Milk prices staying ahead of feed costs . . . barely

Hoard's Dairyman: 

Milk prices staying ahead of feed costs . . . barely

Thu, 03/03/2011

The Milk-Feed Price Ratio for February was 1.96. That is the pounds of a 16 percent-protein complete ration we could purchase with 1 pound of milk. The ratio for last February was 2.36, higher largely because of much lower feed costs.

For this February’s calculation, USDA used a preliminary U.S. All-Milk Price of $18.40 per hundredweight compared to $15.90 a year ago. The imputed feed cost per hundred pounds of milk this February was $9.39 compared to $6.74 a year ago.

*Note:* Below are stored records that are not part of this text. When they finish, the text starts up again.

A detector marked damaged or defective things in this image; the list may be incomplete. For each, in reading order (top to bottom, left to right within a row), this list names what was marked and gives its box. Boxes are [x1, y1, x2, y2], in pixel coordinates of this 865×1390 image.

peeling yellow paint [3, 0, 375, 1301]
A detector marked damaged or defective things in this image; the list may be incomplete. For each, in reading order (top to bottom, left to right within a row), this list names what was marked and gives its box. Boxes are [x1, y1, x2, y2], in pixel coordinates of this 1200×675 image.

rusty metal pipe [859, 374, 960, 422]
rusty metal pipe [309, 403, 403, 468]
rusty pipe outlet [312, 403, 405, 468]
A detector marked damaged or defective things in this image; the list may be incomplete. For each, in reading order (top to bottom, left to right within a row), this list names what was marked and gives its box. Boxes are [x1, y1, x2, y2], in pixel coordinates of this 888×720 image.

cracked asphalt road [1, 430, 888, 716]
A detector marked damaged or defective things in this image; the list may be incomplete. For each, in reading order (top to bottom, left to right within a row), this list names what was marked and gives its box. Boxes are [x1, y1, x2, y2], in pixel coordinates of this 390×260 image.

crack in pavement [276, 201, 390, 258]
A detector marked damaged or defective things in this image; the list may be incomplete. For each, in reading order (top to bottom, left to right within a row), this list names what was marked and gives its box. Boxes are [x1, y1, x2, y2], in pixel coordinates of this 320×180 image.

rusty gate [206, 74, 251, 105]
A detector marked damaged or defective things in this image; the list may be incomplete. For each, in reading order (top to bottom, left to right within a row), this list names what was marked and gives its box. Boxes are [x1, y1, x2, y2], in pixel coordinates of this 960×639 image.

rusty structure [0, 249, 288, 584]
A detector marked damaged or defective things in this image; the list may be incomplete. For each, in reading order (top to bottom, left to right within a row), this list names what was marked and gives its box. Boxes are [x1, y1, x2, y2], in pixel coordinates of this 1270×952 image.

Feed prices used for this February were corn, $5.66 a bushel (highest price ever recorded by USDA); soybeans, $12.10 a bushel; and alfalfa hay, $127 a ton.

The income over feed cost for this February was $9.01 . . . up 83 cents from January, but down 15 cents from a year ago.

According to the CME Group’s Daily Dairy Report, it looks like there will be no MILC for January and, possibly, not one for February based on current futures prices.

As of yesterday, Class III futures prices were: February, $17.07; March, $19.47; April, $18.07; May, $17.37; and June, $16.90.

March corn on the CBOT was $7.14 a bushel, and May was $17.21. March soybean oil meal was $359 a ton and May was $363.